**YOUR ASSIGNMENT**: Only the lines below from the one containing "Pemberly Row Set" to the one containing "Ansible Tower is an enterprise framework for" should be repeated, both included and unchanged.

ENTRIES SHOWN START

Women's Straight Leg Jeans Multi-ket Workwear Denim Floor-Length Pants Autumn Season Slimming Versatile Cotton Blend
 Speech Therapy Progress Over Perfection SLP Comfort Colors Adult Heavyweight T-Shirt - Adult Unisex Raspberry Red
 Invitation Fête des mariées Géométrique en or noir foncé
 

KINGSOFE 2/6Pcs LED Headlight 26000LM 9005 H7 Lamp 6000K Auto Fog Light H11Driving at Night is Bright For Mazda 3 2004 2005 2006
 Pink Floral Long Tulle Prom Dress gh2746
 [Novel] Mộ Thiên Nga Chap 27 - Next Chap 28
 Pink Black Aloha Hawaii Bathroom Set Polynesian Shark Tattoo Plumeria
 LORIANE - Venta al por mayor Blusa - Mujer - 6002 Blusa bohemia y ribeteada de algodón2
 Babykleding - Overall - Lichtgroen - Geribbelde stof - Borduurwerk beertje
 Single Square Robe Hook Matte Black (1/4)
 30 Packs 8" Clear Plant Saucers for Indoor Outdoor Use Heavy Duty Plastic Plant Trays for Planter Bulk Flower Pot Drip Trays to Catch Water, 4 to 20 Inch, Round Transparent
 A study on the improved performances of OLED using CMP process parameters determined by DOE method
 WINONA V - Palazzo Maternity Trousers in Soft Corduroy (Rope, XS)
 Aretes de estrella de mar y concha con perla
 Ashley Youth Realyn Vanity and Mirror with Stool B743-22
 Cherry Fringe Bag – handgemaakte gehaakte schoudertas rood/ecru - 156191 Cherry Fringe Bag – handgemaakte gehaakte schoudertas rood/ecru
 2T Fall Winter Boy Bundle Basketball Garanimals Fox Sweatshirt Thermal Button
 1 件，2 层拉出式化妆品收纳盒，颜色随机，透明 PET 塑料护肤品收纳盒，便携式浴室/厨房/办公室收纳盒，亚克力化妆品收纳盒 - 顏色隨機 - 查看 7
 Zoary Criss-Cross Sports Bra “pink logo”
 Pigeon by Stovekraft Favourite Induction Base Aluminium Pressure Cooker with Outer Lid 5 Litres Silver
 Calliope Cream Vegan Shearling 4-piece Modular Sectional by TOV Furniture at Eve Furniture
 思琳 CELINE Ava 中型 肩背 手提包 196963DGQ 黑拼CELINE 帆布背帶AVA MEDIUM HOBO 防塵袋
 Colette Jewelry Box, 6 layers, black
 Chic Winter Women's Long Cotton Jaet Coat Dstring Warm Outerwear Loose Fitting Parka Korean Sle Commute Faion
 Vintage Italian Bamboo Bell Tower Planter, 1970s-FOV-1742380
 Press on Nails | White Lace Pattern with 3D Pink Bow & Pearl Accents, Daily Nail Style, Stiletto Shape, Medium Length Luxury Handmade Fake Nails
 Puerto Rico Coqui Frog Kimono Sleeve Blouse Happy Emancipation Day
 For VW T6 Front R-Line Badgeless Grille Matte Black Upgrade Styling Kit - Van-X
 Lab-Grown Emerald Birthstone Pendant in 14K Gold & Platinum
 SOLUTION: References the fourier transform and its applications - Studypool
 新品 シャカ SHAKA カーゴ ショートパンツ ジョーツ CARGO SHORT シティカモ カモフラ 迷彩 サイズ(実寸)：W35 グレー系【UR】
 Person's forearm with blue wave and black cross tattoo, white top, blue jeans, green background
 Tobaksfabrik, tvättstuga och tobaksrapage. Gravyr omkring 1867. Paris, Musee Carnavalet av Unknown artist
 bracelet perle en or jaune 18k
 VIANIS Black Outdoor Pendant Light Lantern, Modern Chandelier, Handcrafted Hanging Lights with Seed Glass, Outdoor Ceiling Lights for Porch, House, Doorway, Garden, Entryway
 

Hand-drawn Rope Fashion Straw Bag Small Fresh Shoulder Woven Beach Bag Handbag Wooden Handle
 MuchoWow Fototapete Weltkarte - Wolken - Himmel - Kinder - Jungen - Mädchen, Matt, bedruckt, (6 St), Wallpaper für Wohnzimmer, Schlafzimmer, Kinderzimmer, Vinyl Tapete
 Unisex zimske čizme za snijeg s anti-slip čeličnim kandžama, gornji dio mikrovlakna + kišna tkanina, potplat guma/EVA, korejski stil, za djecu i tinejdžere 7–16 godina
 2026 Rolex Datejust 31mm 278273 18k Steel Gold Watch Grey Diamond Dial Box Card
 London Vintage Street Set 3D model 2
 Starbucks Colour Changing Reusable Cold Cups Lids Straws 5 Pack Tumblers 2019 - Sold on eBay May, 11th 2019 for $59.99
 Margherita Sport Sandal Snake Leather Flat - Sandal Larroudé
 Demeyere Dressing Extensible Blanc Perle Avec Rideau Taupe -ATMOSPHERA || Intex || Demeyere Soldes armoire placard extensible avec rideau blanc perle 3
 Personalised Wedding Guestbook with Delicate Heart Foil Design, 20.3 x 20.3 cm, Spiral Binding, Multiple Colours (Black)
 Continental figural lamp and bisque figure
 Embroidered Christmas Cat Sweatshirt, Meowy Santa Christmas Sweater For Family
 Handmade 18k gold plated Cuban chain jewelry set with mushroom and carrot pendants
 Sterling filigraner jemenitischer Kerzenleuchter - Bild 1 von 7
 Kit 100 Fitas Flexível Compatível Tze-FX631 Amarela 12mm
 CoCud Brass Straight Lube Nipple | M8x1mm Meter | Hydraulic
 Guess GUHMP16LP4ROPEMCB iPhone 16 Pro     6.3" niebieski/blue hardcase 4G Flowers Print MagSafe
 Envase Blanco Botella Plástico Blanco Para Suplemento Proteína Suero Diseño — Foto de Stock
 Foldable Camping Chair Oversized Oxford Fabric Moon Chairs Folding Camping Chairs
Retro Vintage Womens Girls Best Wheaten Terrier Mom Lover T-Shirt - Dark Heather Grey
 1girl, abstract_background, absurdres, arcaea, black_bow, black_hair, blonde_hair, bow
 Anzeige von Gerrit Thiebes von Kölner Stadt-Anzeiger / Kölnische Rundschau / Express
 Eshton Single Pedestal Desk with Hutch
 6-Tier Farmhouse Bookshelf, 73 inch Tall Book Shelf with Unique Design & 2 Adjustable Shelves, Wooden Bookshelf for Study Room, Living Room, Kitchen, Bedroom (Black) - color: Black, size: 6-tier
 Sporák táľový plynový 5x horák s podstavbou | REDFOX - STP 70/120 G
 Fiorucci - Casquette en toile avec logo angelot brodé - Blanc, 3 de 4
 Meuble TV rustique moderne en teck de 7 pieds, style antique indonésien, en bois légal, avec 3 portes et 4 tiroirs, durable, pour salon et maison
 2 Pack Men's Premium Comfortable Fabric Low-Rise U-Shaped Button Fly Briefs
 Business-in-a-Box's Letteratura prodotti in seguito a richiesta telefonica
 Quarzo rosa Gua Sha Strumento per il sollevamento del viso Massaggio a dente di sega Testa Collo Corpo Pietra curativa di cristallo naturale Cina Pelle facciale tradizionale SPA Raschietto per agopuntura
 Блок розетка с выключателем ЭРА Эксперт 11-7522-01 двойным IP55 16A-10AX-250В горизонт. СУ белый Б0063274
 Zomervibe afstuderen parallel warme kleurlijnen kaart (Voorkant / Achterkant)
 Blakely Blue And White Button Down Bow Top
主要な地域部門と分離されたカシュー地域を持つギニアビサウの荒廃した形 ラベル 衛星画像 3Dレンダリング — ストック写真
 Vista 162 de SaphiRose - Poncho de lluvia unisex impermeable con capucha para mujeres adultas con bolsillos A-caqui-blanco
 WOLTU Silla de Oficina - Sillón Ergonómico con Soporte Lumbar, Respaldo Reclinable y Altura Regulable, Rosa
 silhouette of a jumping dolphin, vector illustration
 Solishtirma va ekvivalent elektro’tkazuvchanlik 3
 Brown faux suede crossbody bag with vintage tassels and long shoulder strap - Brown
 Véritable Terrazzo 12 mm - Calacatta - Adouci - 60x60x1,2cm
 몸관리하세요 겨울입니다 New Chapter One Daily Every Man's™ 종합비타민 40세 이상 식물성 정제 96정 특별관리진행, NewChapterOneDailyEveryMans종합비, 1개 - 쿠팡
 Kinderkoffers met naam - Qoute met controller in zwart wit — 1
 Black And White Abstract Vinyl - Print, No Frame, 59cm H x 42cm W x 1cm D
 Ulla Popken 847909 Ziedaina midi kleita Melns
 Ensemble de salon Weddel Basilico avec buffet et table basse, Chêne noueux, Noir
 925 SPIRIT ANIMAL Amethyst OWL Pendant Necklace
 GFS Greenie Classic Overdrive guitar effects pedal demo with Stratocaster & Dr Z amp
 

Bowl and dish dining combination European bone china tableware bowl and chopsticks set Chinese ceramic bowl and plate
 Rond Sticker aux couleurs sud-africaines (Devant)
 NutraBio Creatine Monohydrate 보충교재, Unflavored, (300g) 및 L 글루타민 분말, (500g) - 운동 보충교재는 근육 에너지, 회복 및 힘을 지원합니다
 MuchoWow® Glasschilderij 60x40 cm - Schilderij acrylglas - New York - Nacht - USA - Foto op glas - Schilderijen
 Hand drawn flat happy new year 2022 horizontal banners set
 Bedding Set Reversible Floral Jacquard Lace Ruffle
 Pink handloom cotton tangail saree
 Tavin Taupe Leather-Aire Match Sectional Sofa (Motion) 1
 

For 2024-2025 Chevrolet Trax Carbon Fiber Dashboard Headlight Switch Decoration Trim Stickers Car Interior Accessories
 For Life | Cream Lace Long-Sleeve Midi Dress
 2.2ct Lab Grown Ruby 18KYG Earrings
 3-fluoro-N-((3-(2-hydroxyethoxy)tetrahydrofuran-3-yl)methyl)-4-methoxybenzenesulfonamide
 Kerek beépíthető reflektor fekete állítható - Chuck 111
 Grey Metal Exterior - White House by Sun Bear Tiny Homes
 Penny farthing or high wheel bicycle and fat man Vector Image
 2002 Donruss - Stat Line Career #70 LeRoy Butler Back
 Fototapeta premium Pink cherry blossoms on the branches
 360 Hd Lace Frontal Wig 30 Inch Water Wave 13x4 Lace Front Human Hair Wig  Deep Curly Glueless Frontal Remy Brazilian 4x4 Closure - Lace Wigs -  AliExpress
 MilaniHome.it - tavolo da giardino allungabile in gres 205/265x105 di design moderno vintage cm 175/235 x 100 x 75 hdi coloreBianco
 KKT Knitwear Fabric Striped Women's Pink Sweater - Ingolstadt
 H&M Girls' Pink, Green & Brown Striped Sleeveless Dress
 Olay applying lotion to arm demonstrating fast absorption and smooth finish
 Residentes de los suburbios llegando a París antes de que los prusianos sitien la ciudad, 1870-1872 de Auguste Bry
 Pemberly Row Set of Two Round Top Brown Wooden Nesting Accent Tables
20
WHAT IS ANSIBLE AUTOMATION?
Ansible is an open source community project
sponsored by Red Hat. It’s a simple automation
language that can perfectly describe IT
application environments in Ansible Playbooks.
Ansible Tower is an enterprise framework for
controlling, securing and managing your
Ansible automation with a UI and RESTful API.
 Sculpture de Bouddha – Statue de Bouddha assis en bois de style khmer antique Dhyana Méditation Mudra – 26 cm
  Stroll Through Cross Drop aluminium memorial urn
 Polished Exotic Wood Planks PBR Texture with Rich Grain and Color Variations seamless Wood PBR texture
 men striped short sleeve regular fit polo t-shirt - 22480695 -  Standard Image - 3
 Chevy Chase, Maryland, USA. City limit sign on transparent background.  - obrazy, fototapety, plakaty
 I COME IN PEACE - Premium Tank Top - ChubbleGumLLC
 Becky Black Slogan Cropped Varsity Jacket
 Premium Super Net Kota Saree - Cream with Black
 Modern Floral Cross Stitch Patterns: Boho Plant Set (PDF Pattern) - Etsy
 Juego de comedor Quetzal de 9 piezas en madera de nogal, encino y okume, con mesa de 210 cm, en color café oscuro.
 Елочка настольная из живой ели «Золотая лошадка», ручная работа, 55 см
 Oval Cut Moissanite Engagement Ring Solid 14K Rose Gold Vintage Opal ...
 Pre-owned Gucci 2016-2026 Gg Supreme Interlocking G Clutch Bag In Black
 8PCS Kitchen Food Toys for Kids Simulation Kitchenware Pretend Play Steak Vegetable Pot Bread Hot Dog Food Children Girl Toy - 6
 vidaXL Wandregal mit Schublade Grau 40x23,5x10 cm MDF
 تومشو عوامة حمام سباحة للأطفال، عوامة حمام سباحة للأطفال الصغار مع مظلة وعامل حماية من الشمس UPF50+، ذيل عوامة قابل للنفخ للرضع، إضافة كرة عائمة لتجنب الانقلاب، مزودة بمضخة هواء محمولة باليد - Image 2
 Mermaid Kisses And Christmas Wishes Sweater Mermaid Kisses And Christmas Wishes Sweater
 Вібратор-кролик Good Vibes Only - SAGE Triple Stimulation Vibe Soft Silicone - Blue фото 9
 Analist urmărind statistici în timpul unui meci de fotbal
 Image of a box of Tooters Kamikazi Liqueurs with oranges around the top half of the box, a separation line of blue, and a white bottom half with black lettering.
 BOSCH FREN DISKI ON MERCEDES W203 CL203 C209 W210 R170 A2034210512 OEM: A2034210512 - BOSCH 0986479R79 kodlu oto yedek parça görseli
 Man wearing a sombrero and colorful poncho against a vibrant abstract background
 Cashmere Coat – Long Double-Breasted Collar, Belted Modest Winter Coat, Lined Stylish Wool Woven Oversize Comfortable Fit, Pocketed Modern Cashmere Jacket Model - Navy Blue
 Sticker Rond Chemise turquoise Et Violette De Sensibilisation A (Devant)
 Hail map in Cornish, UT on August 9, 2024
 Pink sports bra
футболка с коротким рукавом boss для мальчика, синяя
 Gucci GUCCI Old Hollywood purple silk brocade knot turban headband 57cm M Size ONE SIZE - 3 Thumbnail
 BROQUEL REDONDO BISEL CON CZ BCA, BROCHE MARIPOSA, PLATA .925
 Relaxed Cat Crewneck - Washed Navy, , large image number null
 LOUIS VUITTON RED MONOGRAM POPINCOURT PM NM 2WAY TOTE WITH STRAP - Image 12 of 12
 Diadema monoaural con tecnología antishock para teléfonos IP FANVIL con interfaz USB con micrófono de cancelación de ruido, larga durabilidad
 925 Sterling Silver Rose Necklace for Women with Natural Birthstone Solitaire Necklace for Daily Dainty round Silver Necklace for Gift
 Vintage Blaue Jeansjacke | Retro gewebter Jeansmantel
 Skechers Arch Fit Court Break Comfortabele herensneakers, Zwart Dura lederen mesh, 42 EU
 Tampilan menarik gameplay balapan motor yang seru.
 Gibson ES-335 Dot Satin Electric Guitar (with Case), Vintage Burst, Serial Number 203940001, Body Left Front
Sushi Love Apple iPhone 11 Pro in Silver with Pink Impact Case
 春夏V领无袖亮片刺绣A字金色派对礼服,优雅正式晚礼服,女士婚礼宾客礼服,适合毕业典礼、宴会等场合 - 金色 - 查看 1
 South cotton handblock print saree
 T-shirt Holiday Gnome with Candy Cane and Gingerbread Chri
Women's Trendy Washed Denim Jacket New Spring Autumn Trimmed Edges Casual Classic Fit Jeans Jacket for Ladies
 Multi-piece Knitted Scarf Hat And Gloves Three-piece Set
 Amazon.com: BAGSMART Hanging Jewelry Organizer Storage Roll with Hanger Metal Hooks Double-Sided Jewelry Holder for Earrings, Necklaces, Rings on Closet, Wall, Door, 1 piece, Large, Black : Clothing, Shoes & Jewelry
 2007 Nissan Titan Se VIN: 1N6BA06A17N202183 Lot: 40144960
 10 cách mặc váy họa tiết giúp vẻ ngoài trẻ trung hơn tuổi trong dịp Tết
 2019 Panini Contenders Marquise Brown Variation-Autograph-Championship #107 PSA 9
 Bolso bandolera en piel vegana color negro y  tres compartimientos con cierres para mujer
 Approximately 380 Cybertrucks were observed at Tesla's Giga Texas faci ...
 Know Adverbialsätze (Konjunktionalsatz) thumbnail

ENTRIES SHOWN END

**ANSWER BOX**:
 Pemberly Row Set of Two Round Top Brown Wooden Nesting Accent Tables
20
WHAT IS ANSIBLE AUTOMATION?
Ansible is an open source community project
sponsored by Red Hat. It’s a simple automation
language that can perfectly describe IT
application environments in Ansible Playbooks.
Ansible Tower is an enterprise framework for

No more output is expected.